• [Collected material]
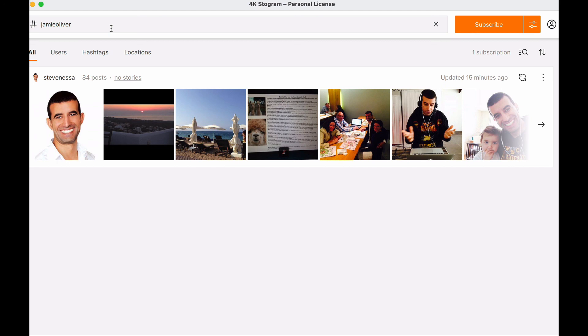And it also allows you to back up your Instagram account if you ever got your account disabled or lost your password. Personally, I think that that's the most important feature because I know a lot of people who lost access for some reason to their Instagram account, and there was a lot of content, there was years of content that they actually lost when that happened. So I wouldn't want that to happen to you.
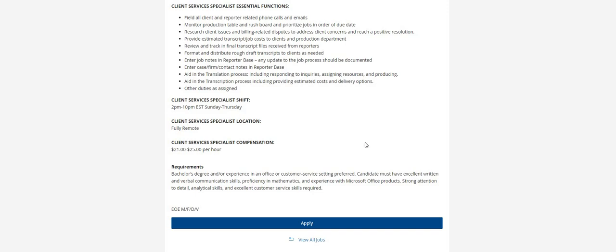You must have excellent written and verbal communication skills, proficiency in mathematics, and experience with Microsoft Office products. Strong attention to detail, analytical skills, and excellent customer service skills are required.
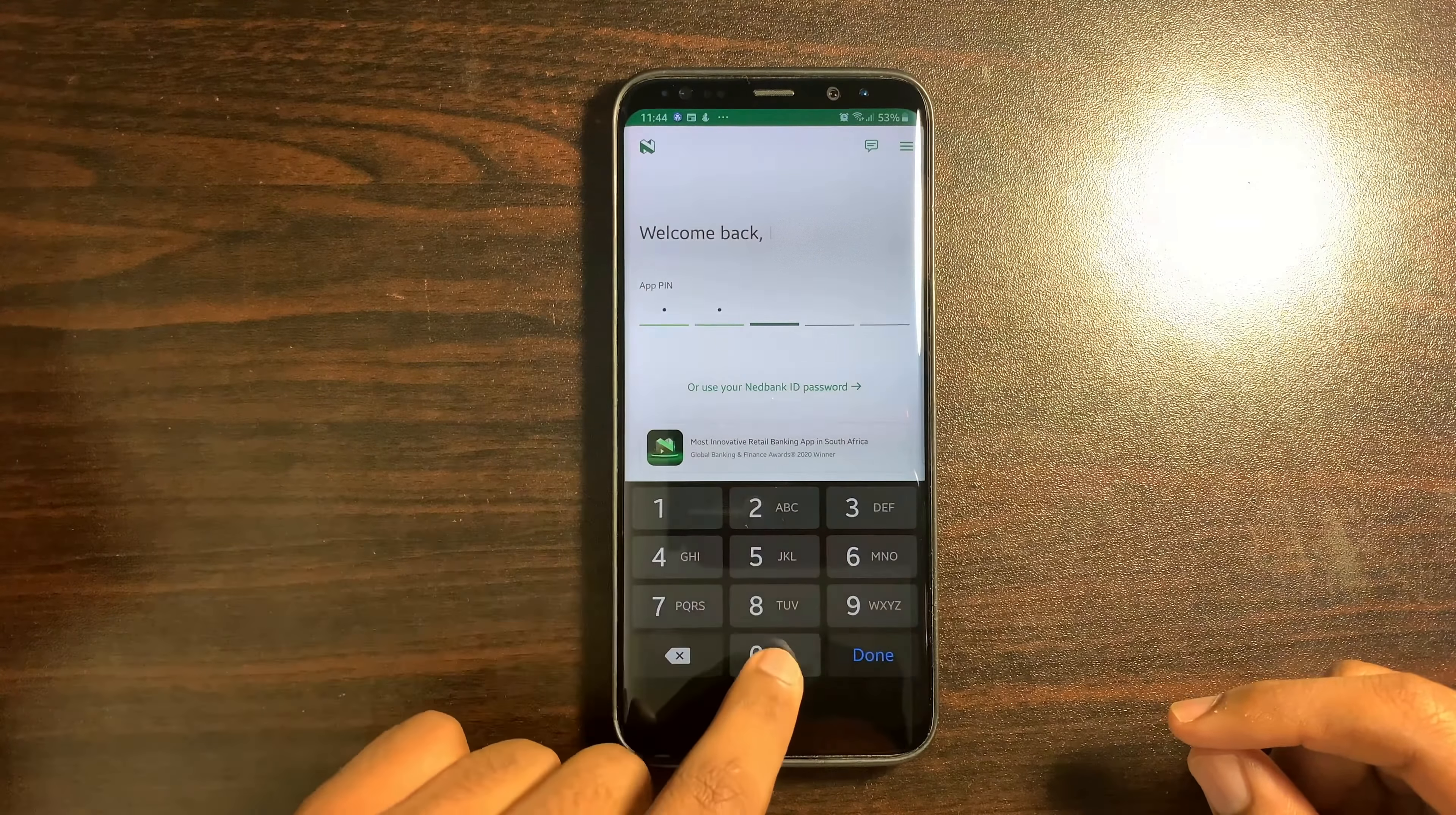Do make sure to have the latest NetBank Money App update on the Play Store or the App Store. Select the NetBank Money App.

• [What you have to do]
Exact lines, nothing more: output the one with "You must have" and every later line through the end of the data, skipping pictures.

• [Solved problem]
You must have excellent written and verbal communication skills, proficiency in mathematics, and experience with Microsoft Office products. Strong attention to detail, analytical skills, and excellent customer service skills are required.
Do make sure to have the latest NetBank Money App update on the Play Store or the App Store. Select the NetBank Money App.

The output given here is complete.